This column is written by Metro DC Houses, a local real estate team serving DC, MD, VA made up of Colin Johnson, the immediate past President for the D.C. Association of Realtors and Christopher Suranna, the current President for the D.C. Association of Realtors.
If you have been in DC for a few years we are sure you have read about some neighborhoods successfully creating historic districts (Emerald Street) or unsuccessfully (Kingman Park).
According to DC there are more than 50 historic districts, monuments and sites around the city.
Full disclosure, Colin lives in a historic district, but Chris does not; but we were interested in dipping our toe in this topic.
There have been several articles and studies citing the costs associated with categorizing properties within one of these districts.
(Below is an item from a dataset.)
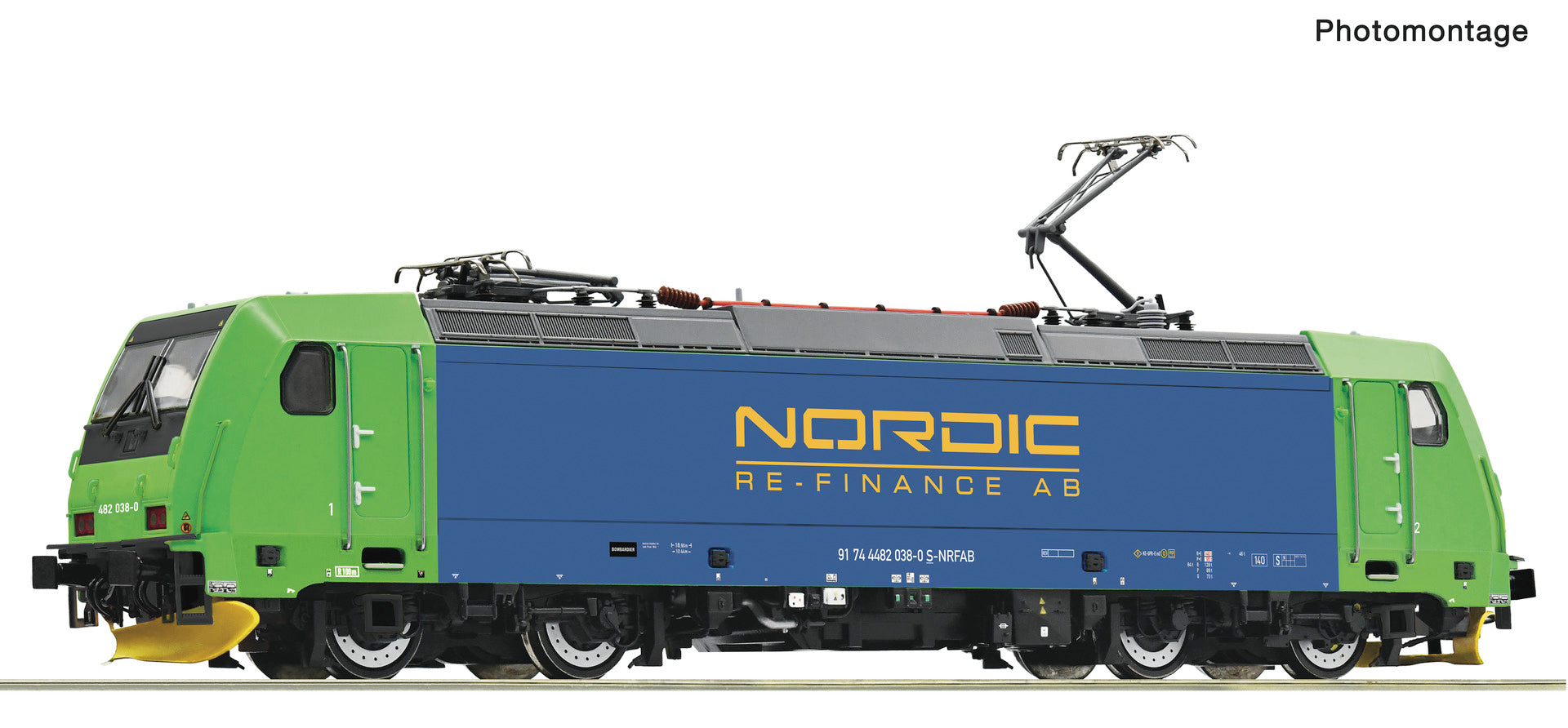 Roco 7510167 HO Electric locomotive 482 038-7, NRFAB, DCC Digital Sound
One study states that it raises renovation expenses by 33 cents for every dollar spent.
There is a particular study out of California, which cites a 16% increase in value; but there is a significant difference in many of our historic districts as compared to this study’s subjects.
Their laws appear to only impact individual properties and those properties may only maintain their historic status for 10 years before some type of action needs to be taken by the current owner.
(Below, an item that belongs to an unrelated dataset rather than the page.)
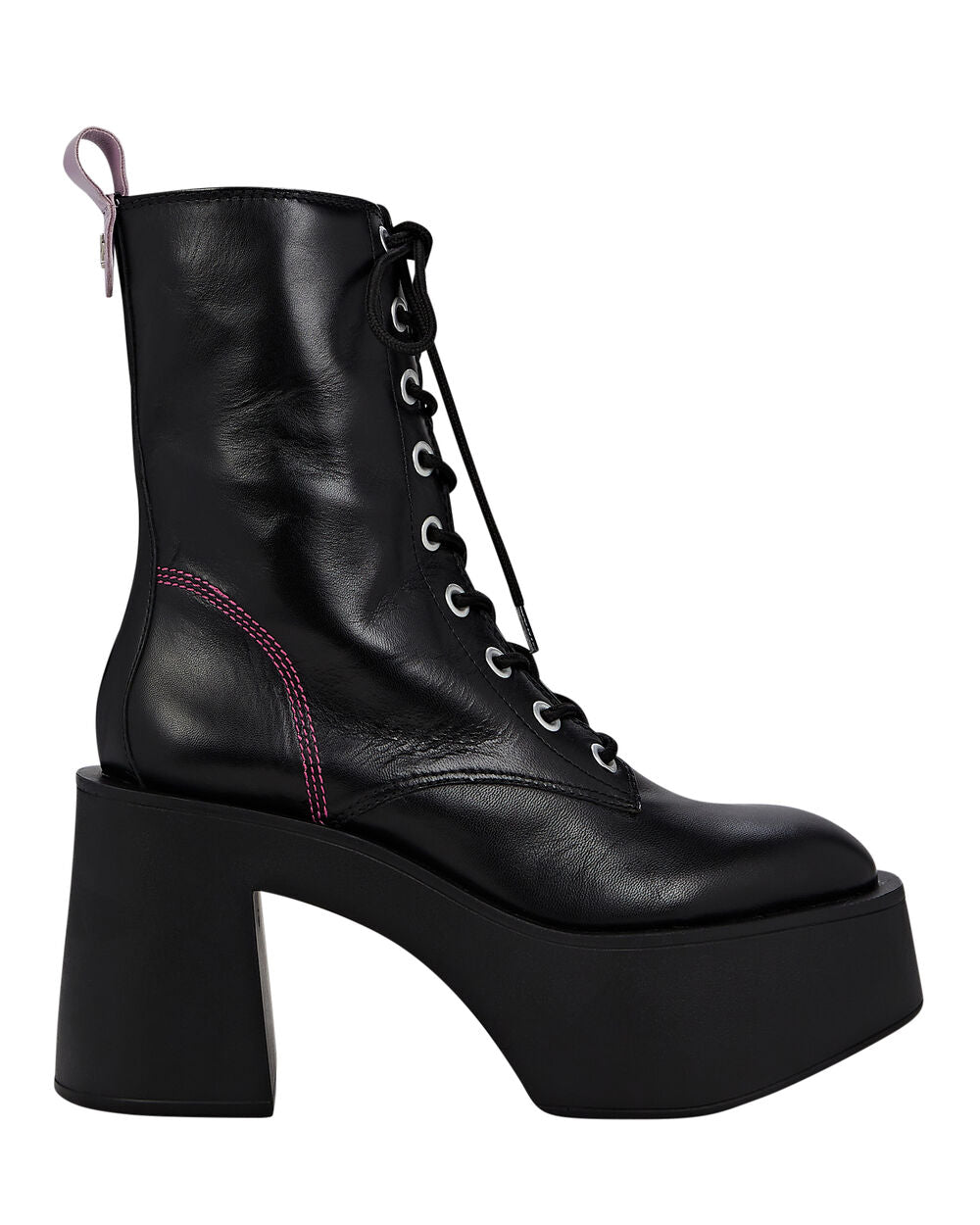 Intermix - Olivia Leather Platform Combat Boots -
There are some properties like this in DC, but most of the historic district’s overlay on a stretch of properties and in some cases owners may not even realize their property resides in one of these areas until it comes time to renovate.
We decided to look at real estate sales over the past 10 years in 2 historic districts; Foxhall Village Historic District and Takoma Park, located in zip codes 20007 and 20012, respectively. We only considered attached and detached, fee simple properties, so no condos or coops.
Properties in Foxhall Village Historic District appreciated at a slower rate than properties in the same zip code outside of the historic district (3.08% y.o.y. average vs. 4.73%). Curiously, the price per square foot is about $115 less when it’s within the historic district in the same zip code.
In the 20012 zip code, we see an opposite effect with homes having appreciated at a much higher pace inside the Takoma Park Historic District (11.71% y.o.y. average vs. 4.67%). Prices per square foot also reflected greater value within the historic district by about $24 per square foot.
These are just 2 neighborhoods and certainly we have no recommendations as to whether an individual may choose to live in a historic district or not. As you can see by these two examples, there is no direct and automatic correlation in terms of appreciation or even property value.
In our experience many consumers rarely ask about this as they often are searching to be in proximity of school, work or lifestyle amenities. However, if one is looking to conduct a renovation in one of these historic districts, consumers are often very conscious of the impacts that may happen in not only the costs, but on one’s ability to make certain alterations or not.
It is worth noting that when looking at calculations done with square footage, the dataset we worked with was limited since only approximately 1 out of every 4 transaction records included total living area data.